Bacillus subtilis going into lockdown mode. This spore-forming bacteria is a close cousin of anthrax. [Credit: Patrick Eichenberger]
** Editor’s Note: The staff of Scienceline is taking a short break to work on future stories. This article originally appeared June 25, 2008.**
The bacteria in the test tube are harmless, but boy are they stinky—a general swampiness with hints of manure, leavened with a moldy food funk. Lab workers retrieve vials of these foul-smelling, soil-dwelling microbes and then set about starving them.
But this cruelty on a microscopic scale has a purpose, and besides, Bacillus subtilis is a tough customer. The bacteria have a special method of survival—when under duress, they encapsulate themselves in protective shells called spores. By studying the genetic underpinnings of B. subtilis’ fortress-making abilities, scientists hope to be better armed against its dangerous bacterial cousin anthrax. In addition, analyzing the dynamics of spore formation may reveal more about the cellular mechanics of microorganisms in general.
Back in the lab, B. subtilis is out of food and begins to show off its bunker mentality by entering a process called sporulation. This undertaking produces a durable, spherical spore that allows B. subtilis to withstand severe dehydration, boiling, freezing and even high levels of radiation. The microbe can remain in this stasis indefinitely, waiting it out until conditions improve. Bacterial spores are so rugged there is concern they could survive on spacecraft and end up on places like Mars.
“They are the most resistant of all [known] living cells,” says Patrick Eichenberger, a professor of biology at New York University whose laboratory is dedicated to the study of B. subtilis.
This invulnerability makes spore-forming bacteria like B. subtilis and its relative Bacillus anthracis, better known as anthrax, notoriously difficult to wipe out. Take the case of the 2001 attacks on the Hart Senate Office Building: After the arrival of a couple of envelopes containing anthrax spores, it took months to thoroughly decontaminate the premises at a cost of about $27 million, according to the Government Accountability Office. Five people died and 17 were injured as a result of this still-unsolved biological assault. Cleansing of a nearby mail facility cost an additional $130 million and took over two years.
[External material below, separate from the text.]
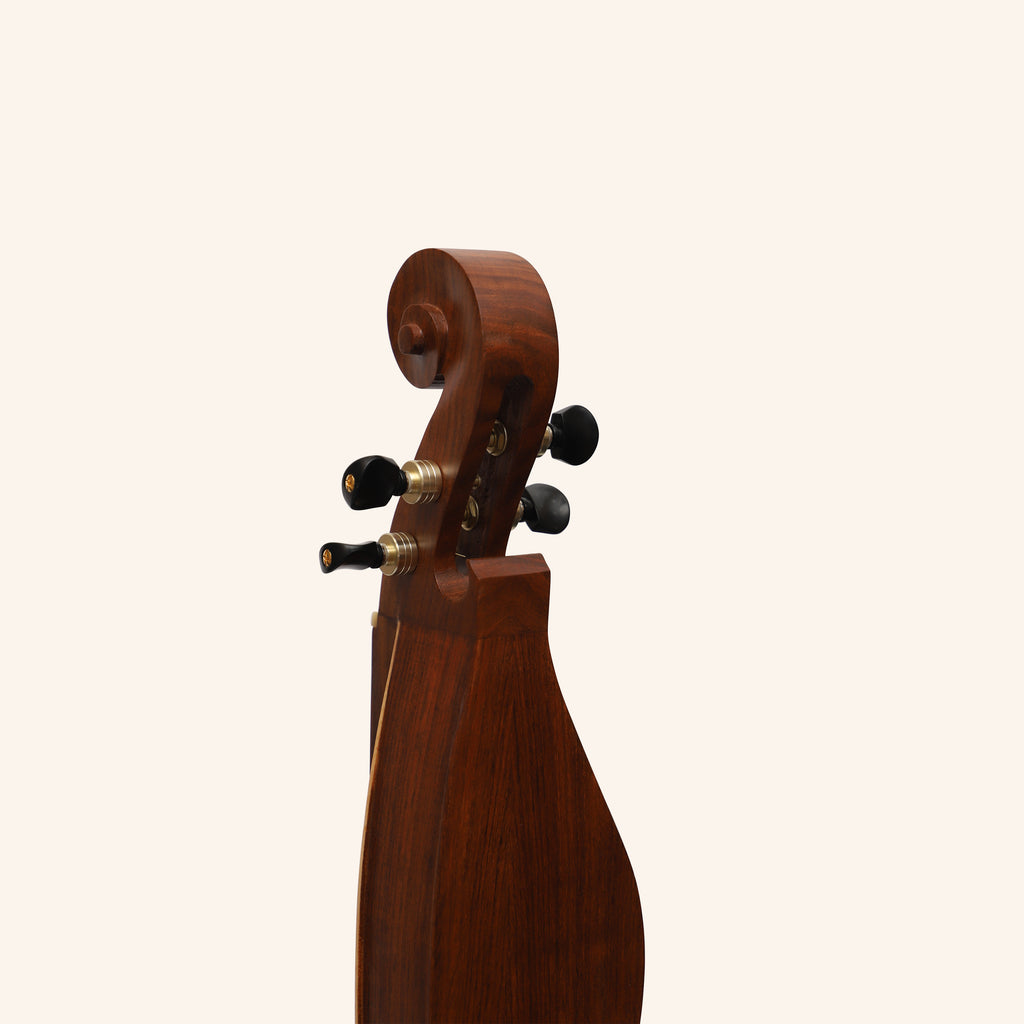 Mountain Dulcimer 4 String  F-Hole Rosewood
Any insight into how stubborn microbes remain safe behind their defensive shields would be useful in rooting out a future anthrax infestation. In fact, a 2002 grant from the Department of Defense initially funded the lab that Eichenberger now runs. “If we know more about what makes subtilis resistant, then we know more about what makes anthracis resistant,” he explains.
Finding Answers in the Genes
Eichenberger intends to uncover the network of genes involved in B. subtilis’ spore-making ability. Besides aiding efforts to thwart bioterrorism, this research may help curtail more common infections from other spore-formers, such as Clostridium difficile. The scourge of hospitals, this bacterium afflicts one in five in-patients with diarrhea and can even cause death in elderly victims.
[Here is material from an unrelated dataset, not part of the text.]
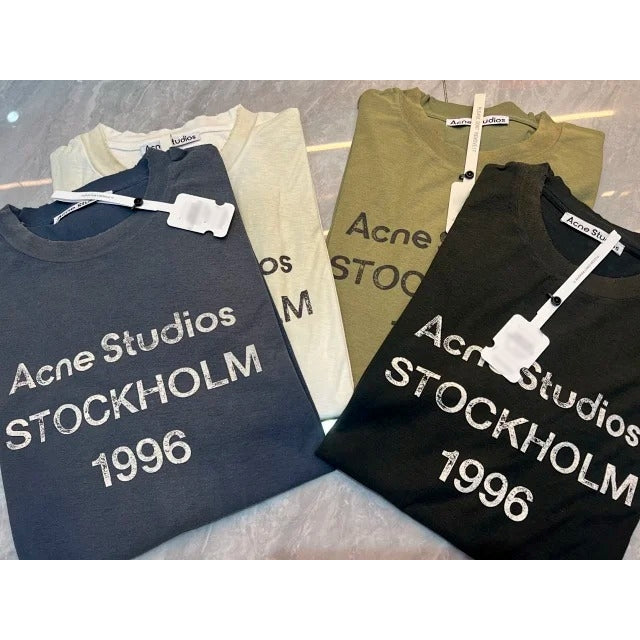Stockholm 1996 Logo Long Sleeve Shirt - Relaxed Fit [All Colors] - ACN STD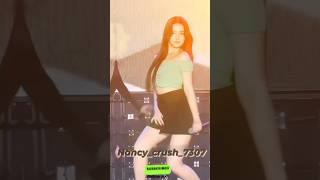 Chammak challo x Nancy 🇬🇧🎶nancy kpop blackpink shortsfeed [upl. by Schubert]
Though B. subtilis is among the most studied organisms on the planet, researchers understand relatively little about how the single-celled bacterium accomplishes the feat of sporulation. Once researchers have obtained a complete “assembly map” for spore-forming, drugs and chemicals could be manufactured to either halt the transformation or go after chinks in the bacteria’s armor, according to Eichenberger.